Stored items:

§

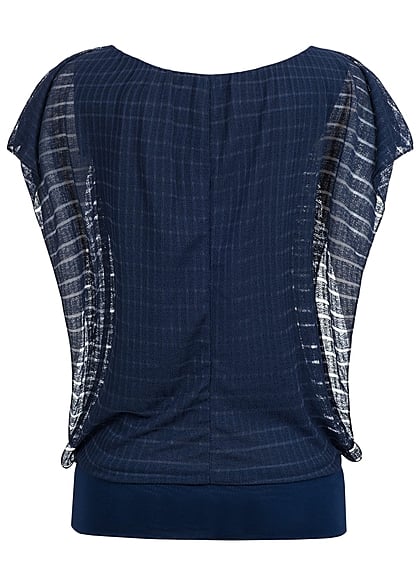 Styleboom Fashion Dames Top navy blauw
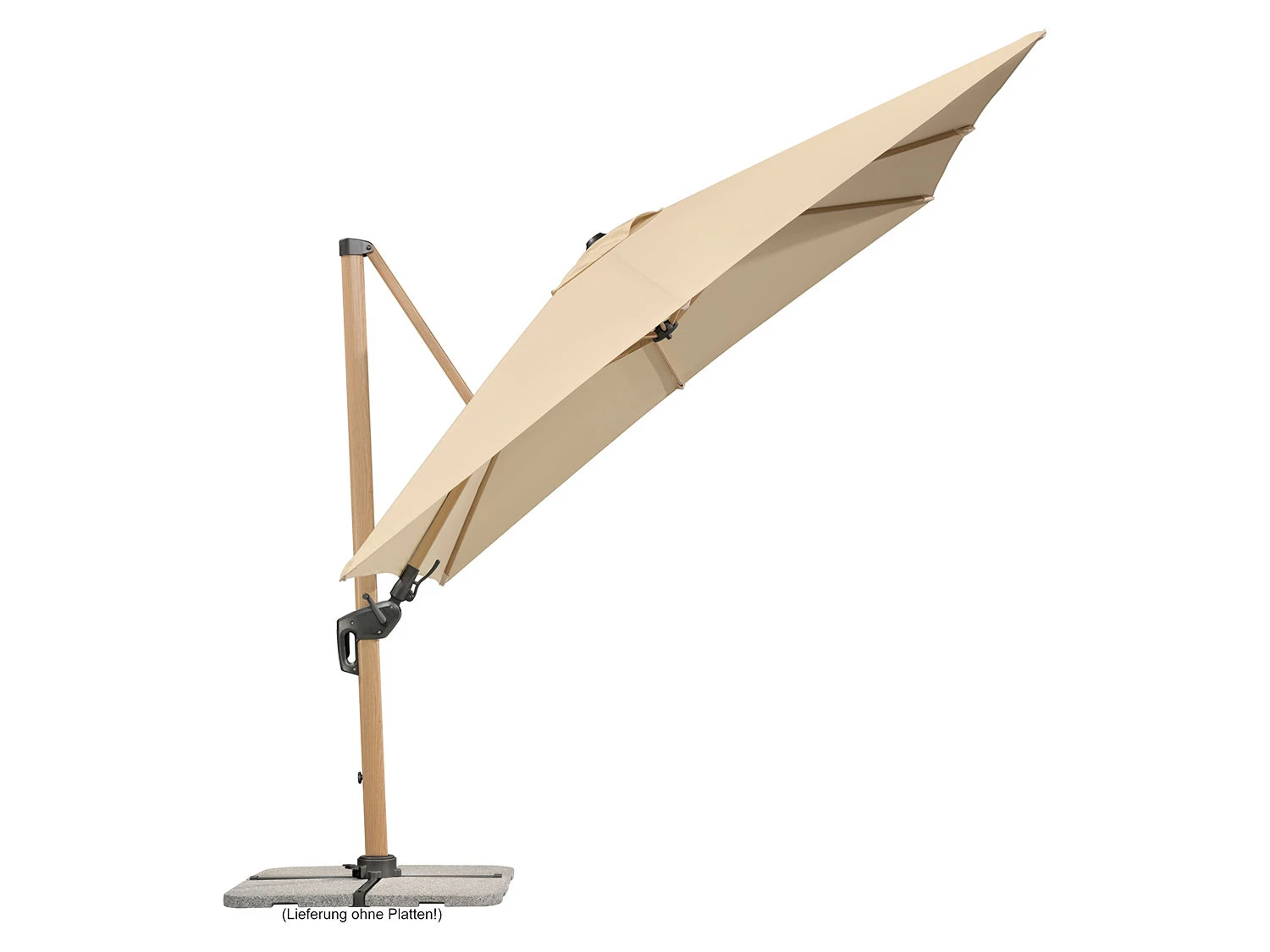 Schneider® Schneider »Rhodos Twist Woody«, 300 X 300 Cm, Mit Integrierter Kurbel 3 Schneider® Schneider »Rhodos Twist Woody«, 300 X 300 Cm, Mit Integrierter Kurbel – Bild 3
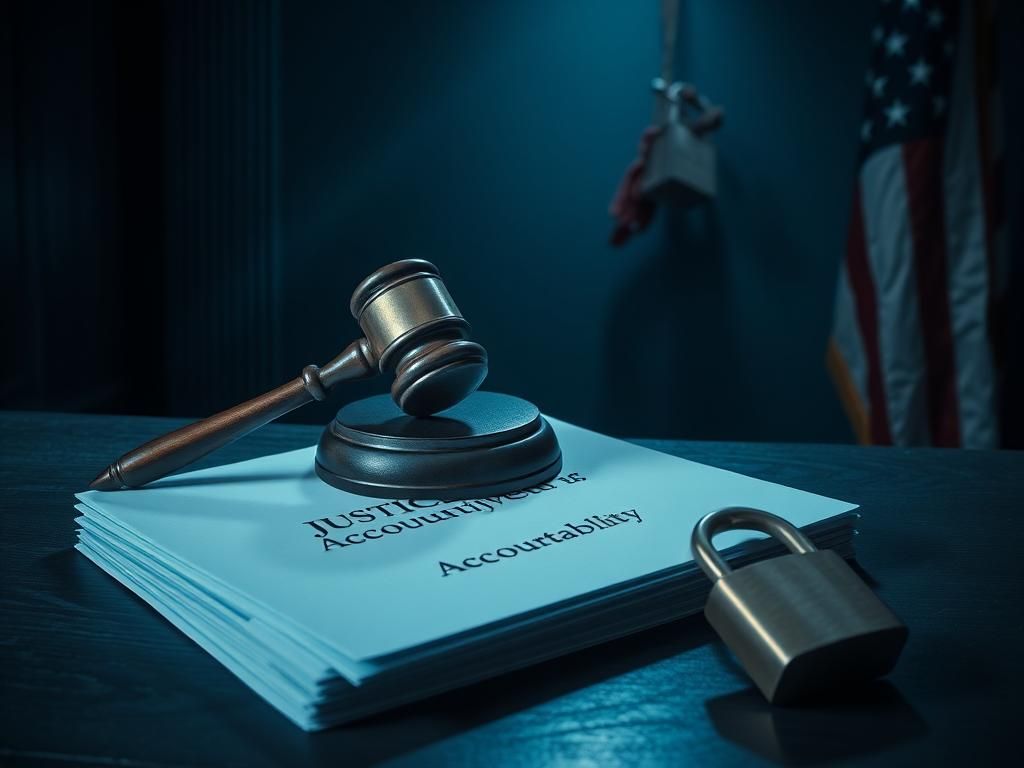 Flick International Gavel resting on legal documents symbolizing justice and accountability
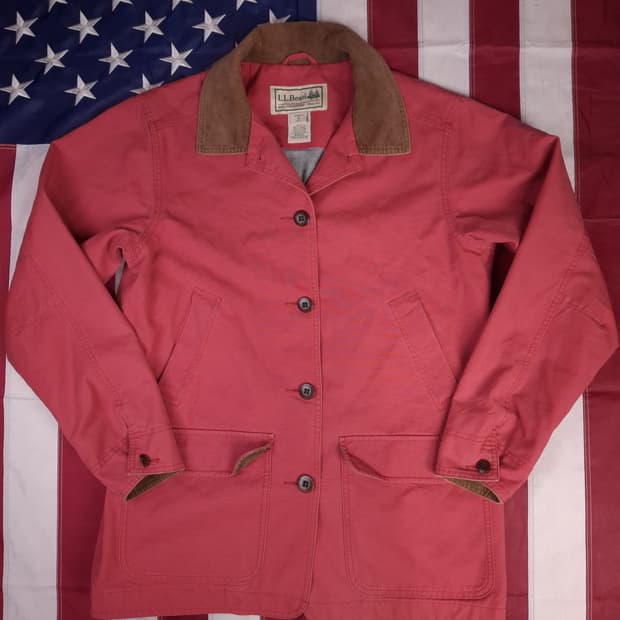 오리지날 90's L.L.Bean 엘엘빈 캔버스코튼 헌팅자켓
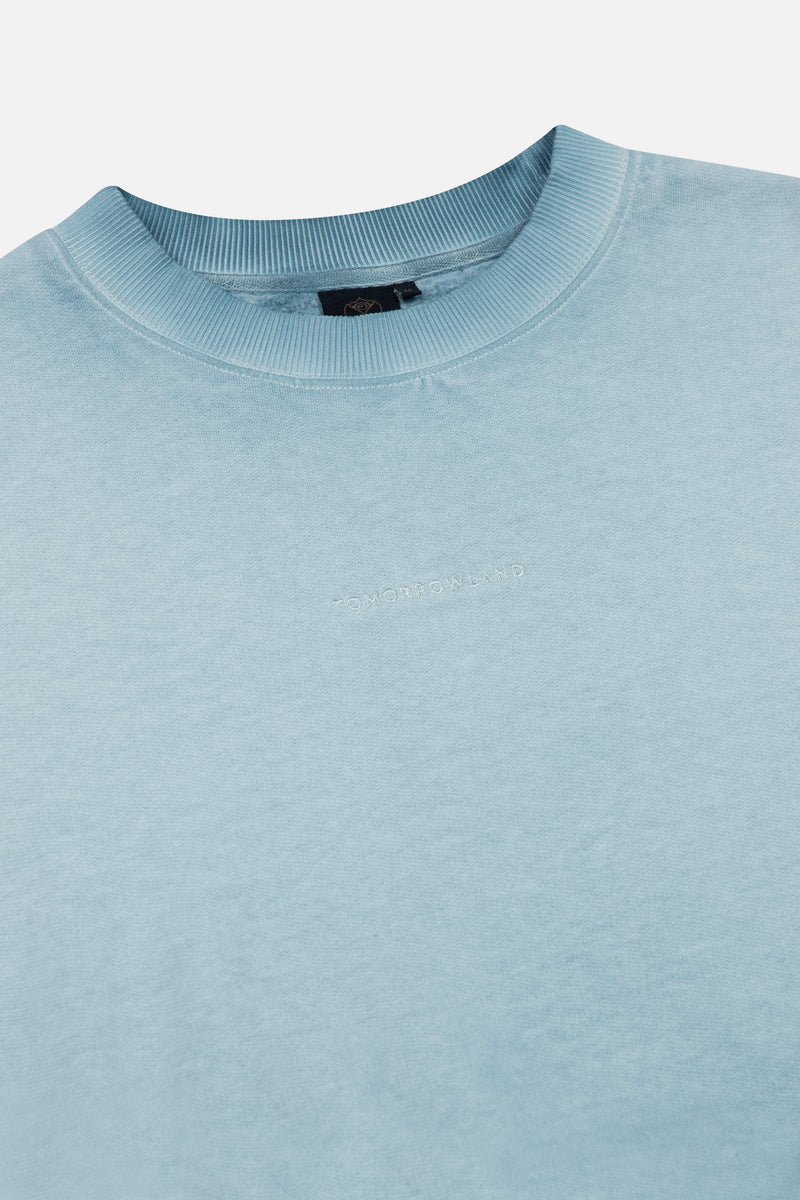 Flower Stamp Sweatshirt Women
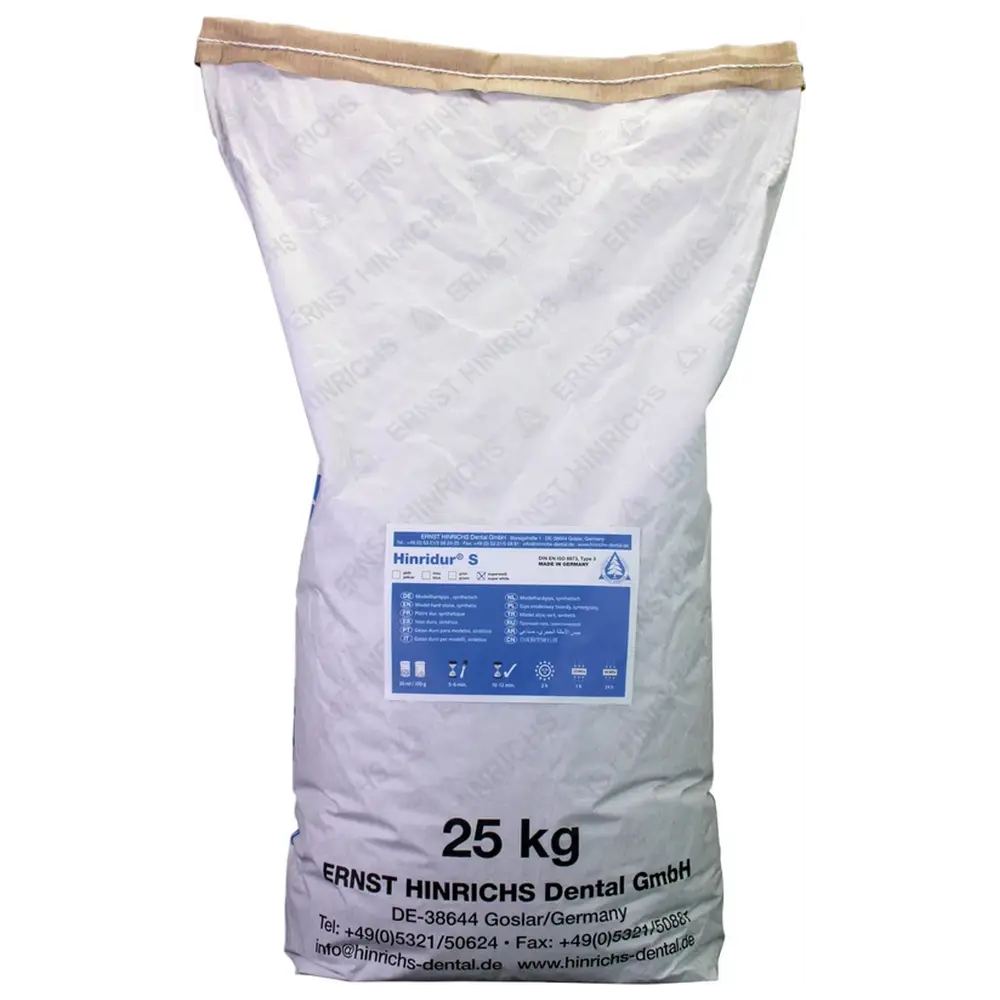 ERNST HINRICHS Hinridur® - Sack 25 kg Modellhartgips naturweiß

§

→ Task details
Your copy should match the records above word for word, but without images.

→ Exercise result
 Styleboom Fashion Dames Top navy blauw
 Schneider® Schneider »Rhodos Twist Woody«, 300 X 300 Cm, Mit Integrierter Kurbel 3 Schneider® Schneider »Rhodos Twist Woody«, 300 X 300 Cm, Mit Integrierter Kurbel – Bild 3
 Flick International Gavel resting on legal documents symbolizing justice and accountability
 오리지날 90's L.L.Bean 엘엘빈 캔버스코튼 헌팅자켓
 Flower Stamp Sweatshirt Women
 ERNST HINRICHS Hinridur® - Sack 25 kg Modellhartgips naturweiß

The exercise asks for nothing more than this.